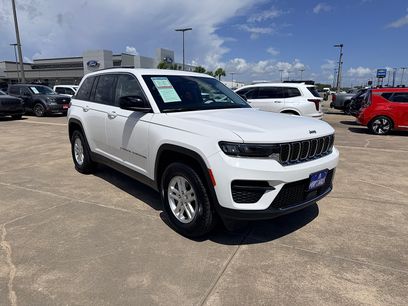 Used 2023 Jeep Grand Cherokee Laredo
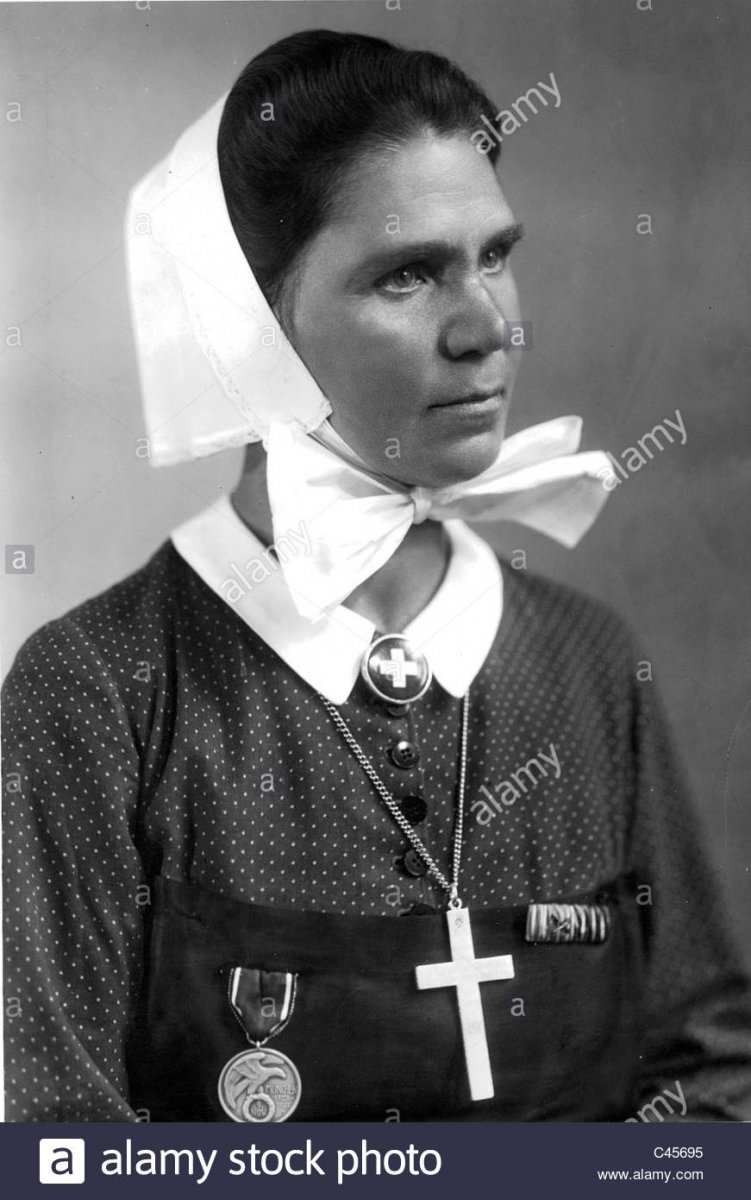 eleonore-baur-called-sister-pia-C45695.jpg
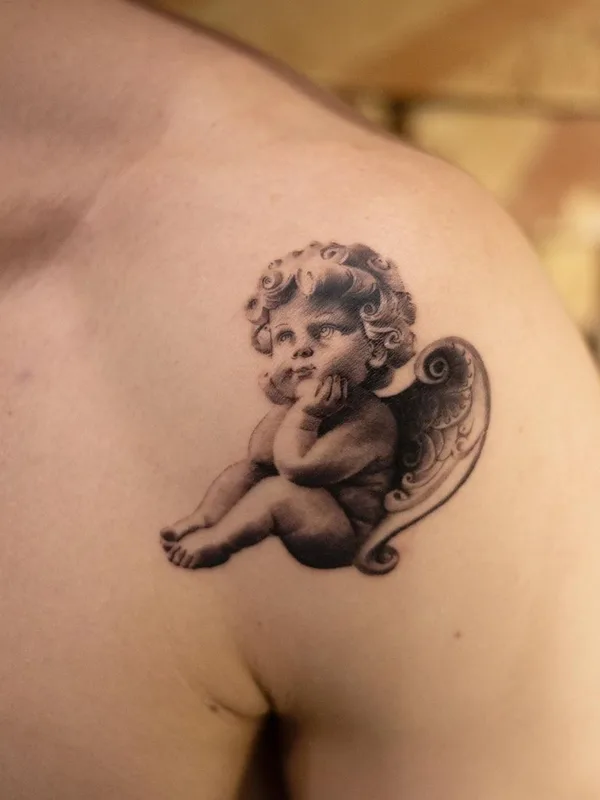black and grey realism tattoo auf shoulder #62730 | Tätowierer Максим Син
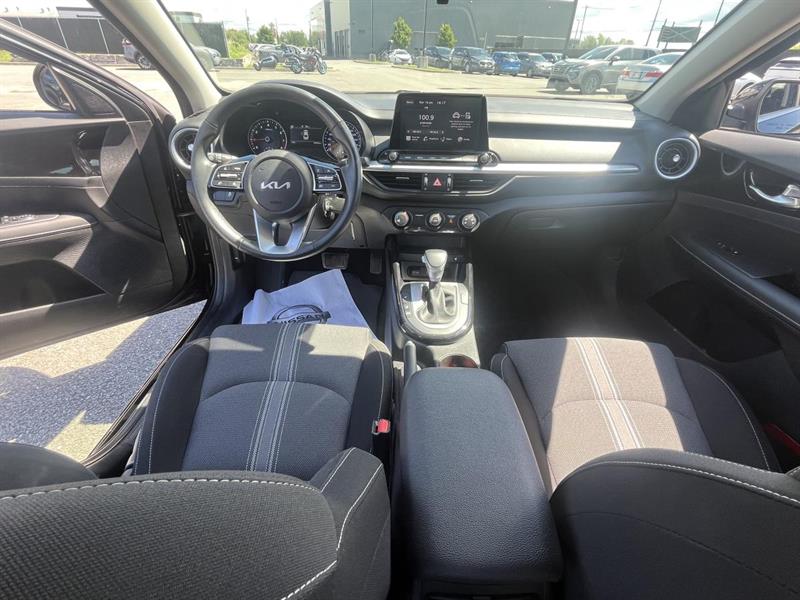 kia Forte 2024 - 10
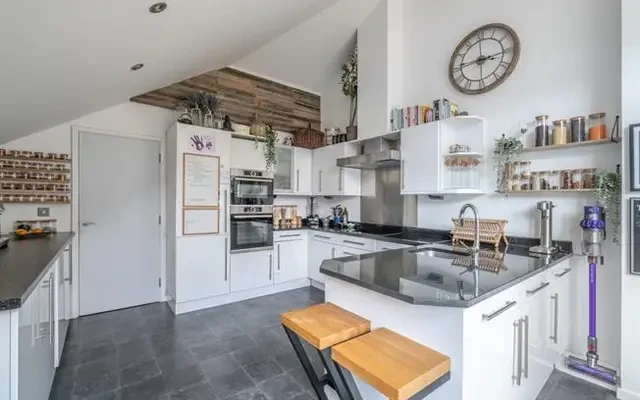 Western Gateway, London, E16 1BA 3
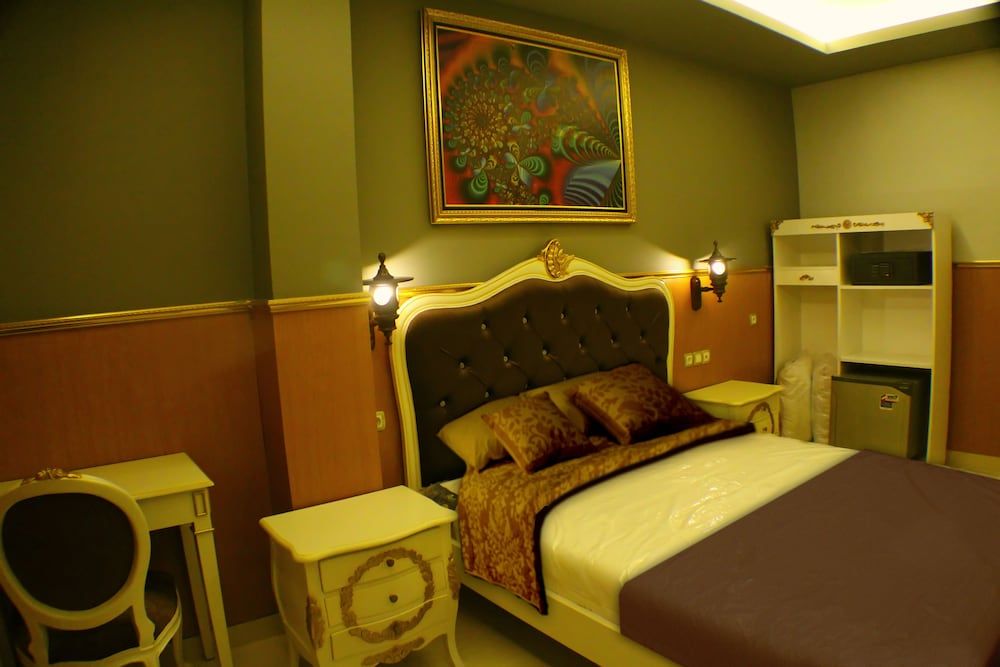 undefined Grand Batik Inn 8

===

_Work to complete_
Write out exactly, and only, the lines from the line holding "eleonore-baur-called-sister-pia-C45695.jpg" through the end of the data, inclusive, without any pictures.

_Solution to this task_
 eleonore-baur-called-sister-pia-C45695.jpg
black and grey realism tattoo auf shoulder #62730 | Tätowierer Максим Син
 kia Forte 2024 - 10
 Western Gateway, London, E16 1BA 3
 undefined Grand Batik Inn 8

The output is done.